It was in the midst of all these preparations that Bougainville arrived from France with news that a great fleet was on its way to attack Quebec. The town was filled with consternation mixed with surprise, for the Canadians had believed that the dangerous navigation of the St. Lawrence would deter their enemies from the attempt. "Everybody," writes one of them, "was stupefied at an enterprise that seemed so bold." In a few days a crowd of sails was seen approaching. They were not enemies, but friends. It was the fleet of the contractor Cadet, commanded by officer named Kanon, and loaded with supplies for the colony. They anchored in the harbor, eighteen sail in all, and their arrival spread universal joy. Admiral Durell had come too late to intercept them, catching but three stragglers that had lagged behind the rest. Still others succeeded in eluding him, and before the first of June five more ships had come safely into port.

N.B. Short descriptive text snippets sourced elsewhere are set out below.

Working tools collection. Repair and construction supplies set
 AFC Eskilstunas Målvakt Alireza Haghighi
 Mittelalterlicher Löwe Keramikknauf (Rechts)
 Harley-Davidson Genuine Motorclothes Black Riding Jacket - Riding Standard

When the news brought by Bougainville reached Montreal, nearly the whole force of the colony, except the detachments of Bourlamaque and La Corne, was ordered to Quebec. Montcalm hastened thither, and Vaudreuil followed. The Governor-General wrote to the Minister in his usual strain, as if all the hope of Canada rested in him. Such, he says, was his activity, that, though very busy, he reached Quebec only a day and a half after Montcalm; and, on arriving, learned from his scouts that English ships-of-war had already appeared at Isle-aux-Coudres. These were the squadron of Durell. "I expect," Vaudreuil goes on, "to be sharply attacked, and that our enemies will make their most powerful efforts to conquer this colony; but there is no ruse, no resource, no means which my zeal does not suggest to lay snares for them, and finally, when the exigency demands it, to fight them with an ardor, and even a fury, which exceeds the range of their ambitious designs. The troops, the Canadians, and the Indians are not ignorant of the resolution I have taken, and from which I shall not recoil under any circumstance whatever. The burghers of this city have already put their goods and furniture in places of safety. The old men, women, and children hold themselves ready to leave town. My firmness is generally applauded. It has penetrated every heart; and each man says aloud: 'Canada, our native land, shall bury us under its ruins before we surrender to the English!' This is decidedly my own determination, and I shall hold to it inviolably." He launches into high praise of the contractor Cadet, whose zeal for the service of the King and the defence of the colony he declares to be triumphant over every difficulty. It is necessary, he adds, that ample supplies of all kinds should be sent out in the autumn, with the distribution of which Cadet offers to charge himself, and to account for them at their first cost; but he does not say what prices his disinterested friend will compel the destitute Canadians to pay for them.[704]

[Footnote 704: Vaudreuil au Ministre, 28 Mai, 1759.]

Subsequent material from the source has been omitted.